En el comienzo de la calle Alfarería por esa parte, una
vieja casa de vecinos, un antiguo corral, el de Los Corchos, en años mucho
mayor, de hecho conectaba, decían en el barrio, con la parte delantera en la
calle Castilla, donde en 1938 se construyó la nueva casa de vecinos donde crecí
hasta los quince años.
Toda esta digresión anterior me sirve para llegar al puerto donde quería llegar, en aquella casa, el Corral de los Corchos, hoy con un parquecito arbolado delante, en la esquina de Alfarería con Ronda de Triana, existió cuando yo era pequeño, una pequeña escuela para niños del barrio.

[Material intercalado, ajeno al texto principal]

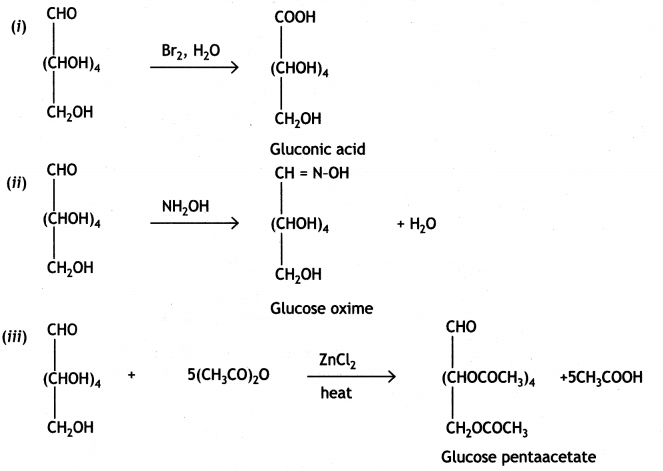 Class 12 Chemistry Important Questions Chapter 14 Biomolecules 13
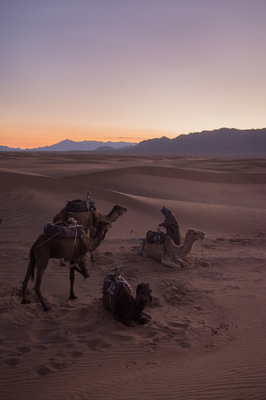 a l e s s a n d r o f a g i o l i - Zagora desert, Morocco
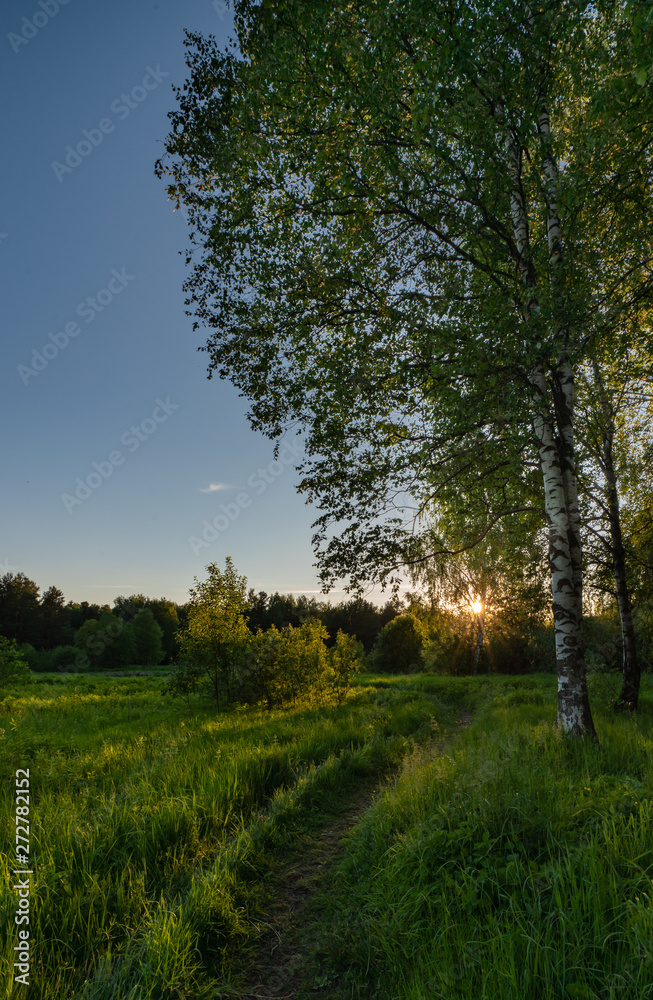 The setting sun and birch against the backdrop of the forest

Yo aprendí a leer en mi casa, me enseñó mi madre con las páginas del diario ABC que cada día traía mi padre, que lo compró durante décadas, además de, eventualmente el MARCA y, cuando existía, la Hoja del Lunes. A mí me gustaba mucho el diario de tarde, Sevilla, por las tiras cómicas que traía. Pues a esa escuela infantil la llamaban “lamiguilla” en un sevillano ejercicio de ahorro de palabras, por “la amiguilla”, un nombre poético y muy ilustrador, esa pequeña amiga que acoge a los niños pequeños, les cuida y los enseña. Una amiguilla quizás sea el nombre más entrañable y evocador que haya podido tener eso que, en traducción del alemán Kindergarten, también se llamó “jardín de infancia”.Hace unos días pasé por esa casa, entré a su zaguán y me
asomé a su patio, sobre la cancela un azulejo del Cristo de la Expiración, el Cachorro que antes nombré. Otra placa
cerámica, esta en la fachada, homenajea al que fue capataz y pionero de las
cuadrillas de hermanos costaleros de la hermandad, Ismael Vargas. La casa está muy cuidada y limpia, con muchas
macetas de verdes cintas, tan nuestras.
Pensé en lo grande que nos parece todo cuando somos pequeño,
como disminuyen su tamaño los patios, los portales, las escaleras. Yo creo que,
con sus carencias y pobrezas, todo era más bonito entonces, más humano, con más
gente. Ahora parece que en las casas no vive nadie.